Captioned web image data:
+ + + +

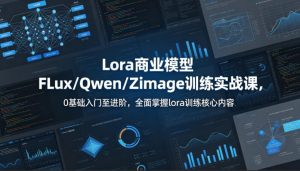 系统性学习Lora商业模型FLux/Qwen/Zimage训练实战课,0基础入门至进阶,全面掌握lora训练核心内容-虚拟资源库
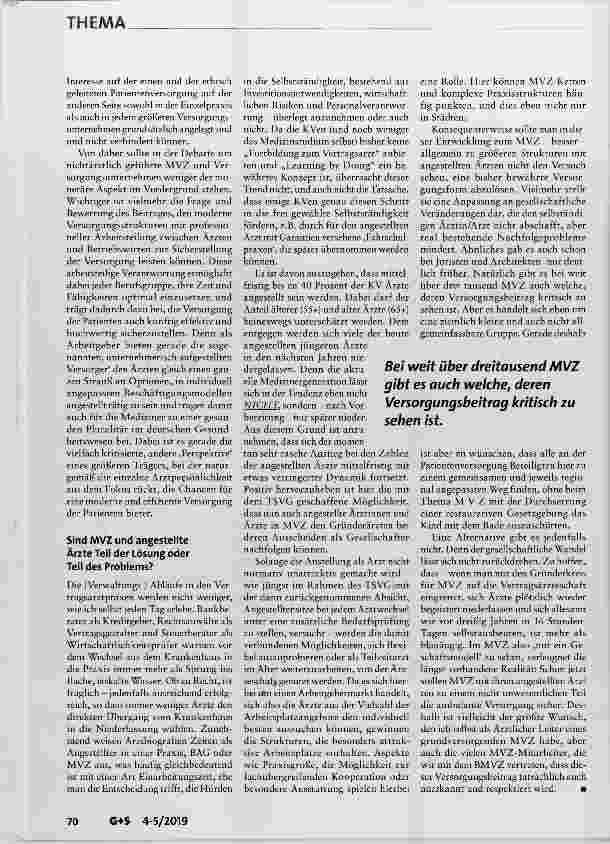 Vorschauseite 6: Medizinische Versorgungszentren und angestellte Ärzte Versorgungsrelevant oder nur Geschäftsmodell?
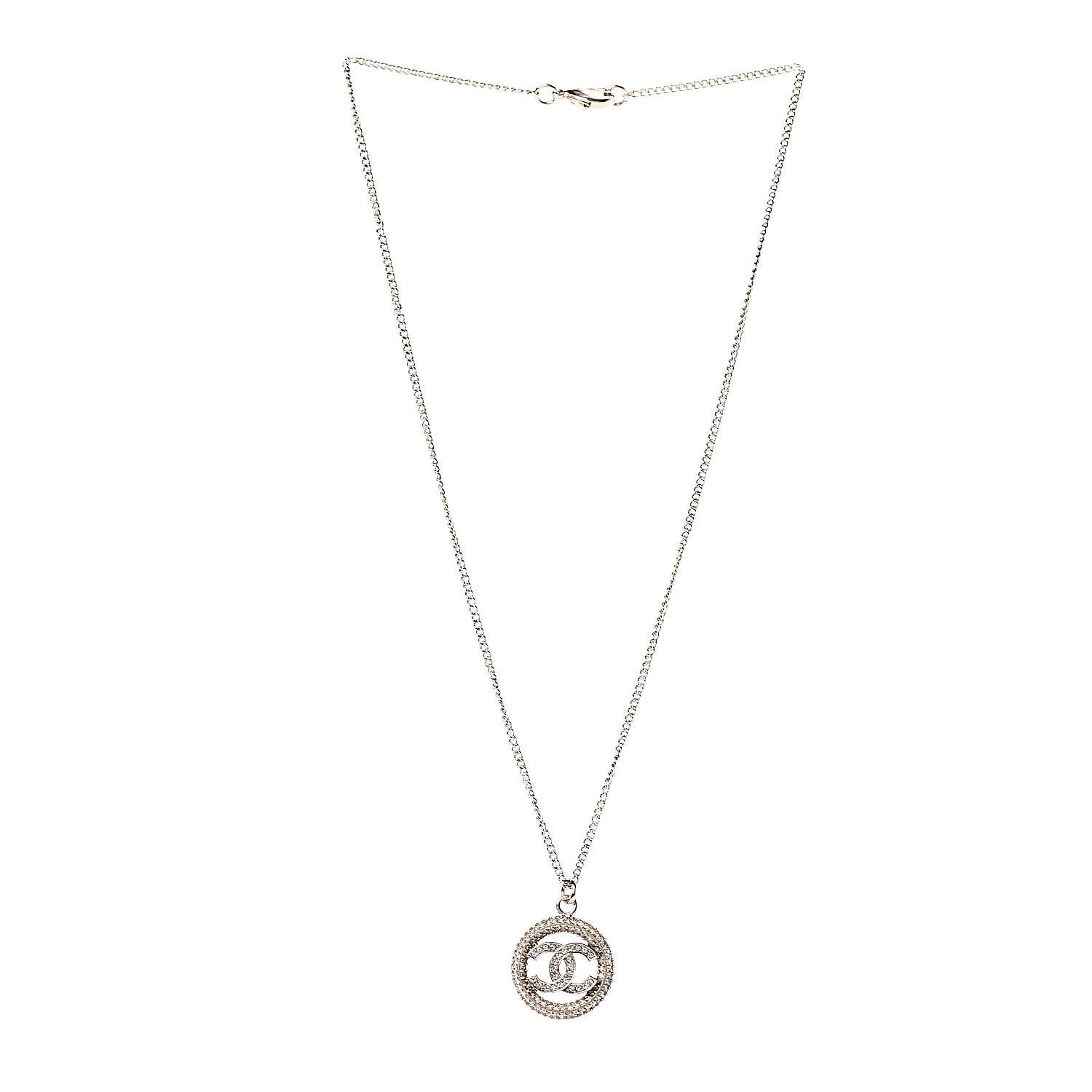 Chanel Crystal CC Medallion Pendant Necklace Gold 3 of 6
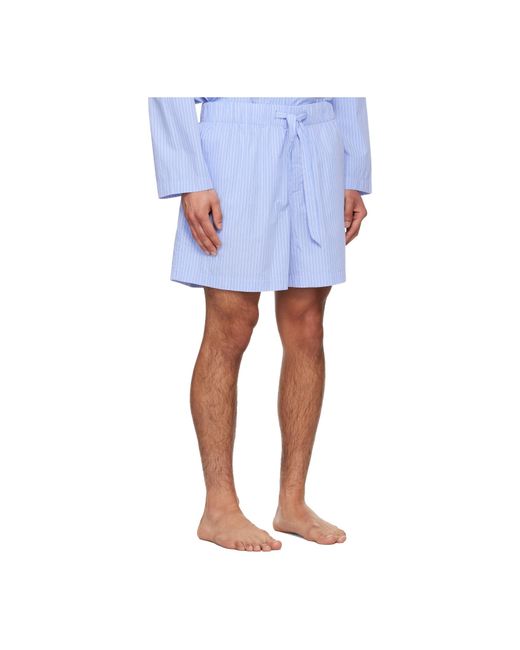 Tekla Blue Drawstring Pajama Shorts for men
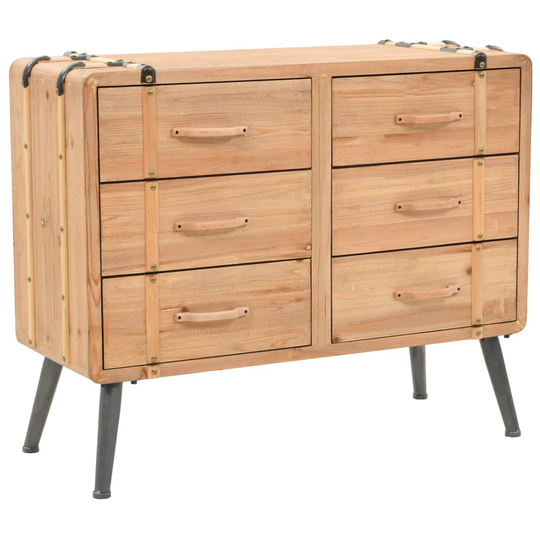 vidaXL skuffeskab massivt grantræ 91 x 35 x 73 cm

+ + + +

Exercise: Please write out, exactly, every line from the line with "Tekla Blue Drawstring Pajama Shorts for men" through the final line of the data above, leaving out pictures.

Solution to the exercise:
 Tekla Blue Drawstring Pajama Shorts for men
 vidaXL skuffeskab massivt grantræ 91 x 35 x 73 cm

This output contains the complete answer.